How Sex Works Why We Look, Smell, Taste, Feel, and Act the Way We Do
- Author: Sharon Moalem
- Language: English
- Subject: Science
- Genre: Non-fiction
- Publisher: Harper
- Publication date: April 28, 2009
- Publication place: United States
- Media type: Hardback & paperback
- Pages: 288 pp (hardback edition)
- ISBN: 9780061479656 (hardback)
- Preceded by: Survival of the Sickest: The Surprising Connections Between Disease and Longevity

= How Sex Works =

2009 non-fiction work by Sharon Moalem

How Sex Works: Why We Look, Smell, Taste, Feel, and Act the Way We Do is a 2009 book by evolutionary biologist and New York Times bestselling author Sharon Moalem, published by HarperCollins. The book examines the scientific reasons people are attracted to one another, including the evolutionary underpinnings of sexual attraction, monogamy, and sexual orientation.

==Overview==
How Sex Works uses evolutionary biology to explore human sexuality, and how sexuality can influence society in terms of human relations and belief systems. The author examines the physiological purpose behind how sensory data is interpreted by the human body and its effect on human sexuality. Moalem argues that menstruation, fertility, penis size, orgasm, ejaculation and contraception all have traces back to the "survival of the fittest" and the human desire to find a healthy partner for reproduction. The book covers other evolutionary factors influencing sexual attraction including pheremones, genetic makeup, immune system compatibility and ovulation.

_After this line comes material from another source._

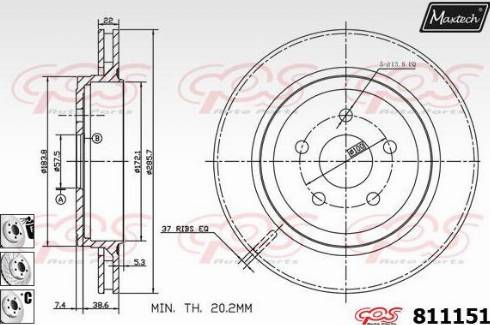 Maxtech 811151.6980 - Тормозной диск autospares.lv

The book uses various examples to illustrate the author's central point, including:

- Body scents are linked to strength of immune systems, signaling potential mates on the viability of producing healthy offspring.
- Brazilian waxes have become more desirable as our subconscious attempts to eradicate pubic lice.
- Men watching pornography which includes men in the scene (along with a woman) can lead to increased sperm production due to the perceived competition.
- Women are more likely to fantasize about men who are not their partners during ovulation, more likely to lead to fraternal twins.
- Men are attracted to women with low waist-to-hip ratio (hourglass shape) because fatty acids stored in hip fat aid brain development in fetuses and lead to smarter children.

==Criticism==
Kirkus Reviews called the book "provocative and entertaining", describing it as "a volume stuffed with information that avoids getting bogged down in difficult medical terms or complex biological concepts."